For now, I'll answer your questions:
1. I wrote a basic checklist for startups looking to improve their security. You can find it here: http://breakingbits.net/2015/02/28/security-for-startups/. It's not comprehensive, but I tried to cover the most common issues I saw with startups. Ryan McGeehan also wrote a wonderful checklist for incident response after something does happen. They're two sides of the same coin - preparation and damage control. Check that out here: https://medium.com/@magoo/security-breach-101-b0f7897c027c. Your specific company will have more to do for each of these based on the context of your team, product and size.
2. It's difficult to give a good estimate of cost, and I'm not trying to be a salesman here. It depends on length and scope of work. Are we doing code review or just blackbox testing? Five days or 10? The entire application attach surface or just a few critical pieces of functionality? Budget about $10,000 for a white label pen test lasting a week, but it could be more or less. I'm summoning 'tptacek here in the hopes he might have more nuance to contribute to this answer.

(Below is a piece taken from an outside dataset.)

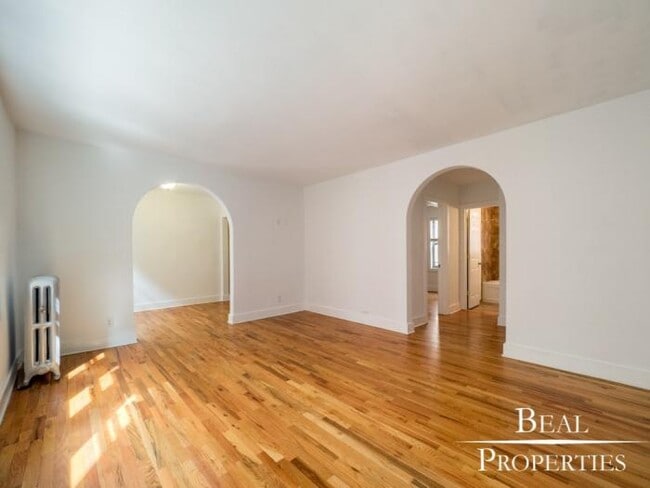 Building Photo - 1 bedroom in CHICAGO IL 60657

3. How and when to begin a bug bounty program is similarly variable. I have a lot of experience working with Series A companies, and bug bounties are a personal specialty of mine (I have research directly on the subject). In my opinion, you should not have bug bounties until you have at least one full time security engineer. You don't want to pay out a bounty for someone reporting that your cookies lack an HttpOnly flag. On the other hand, server-side request forgery usually warrants a payment. If you have developers who could tell you the difference in those two in terms of both definition and severity without looking it up, you're okay to have a bug bounty. If not, don't pay people for their reports just yet. (This is personal philosophy from my experience - many people will have different opinions).

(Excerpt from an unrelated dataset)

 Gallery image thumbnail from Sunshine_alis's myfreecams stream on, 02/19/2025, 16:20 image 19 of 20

On the other hand, always have a responsible disclosure program. It is perfectly okay to not reward people for reporting security vulnerabilities. I'll repeat this: it is perfectly reasonable to not give out payments for reports. Don't let financial rewards enter the program until you have reached a certain level of internal security maturity.
And no, there is no standard way to determine severity and payments. Google and Facebook pay a lot for bugs that some companies wouldn't even accept. It totally depends. That said, as a general guideline, if a reported bug 1. is valid, 2. compromises users, it's worth something.
Like I said, I sent you an email. Let me know if you have any questions, I'd be happy to help you with anything you need to know.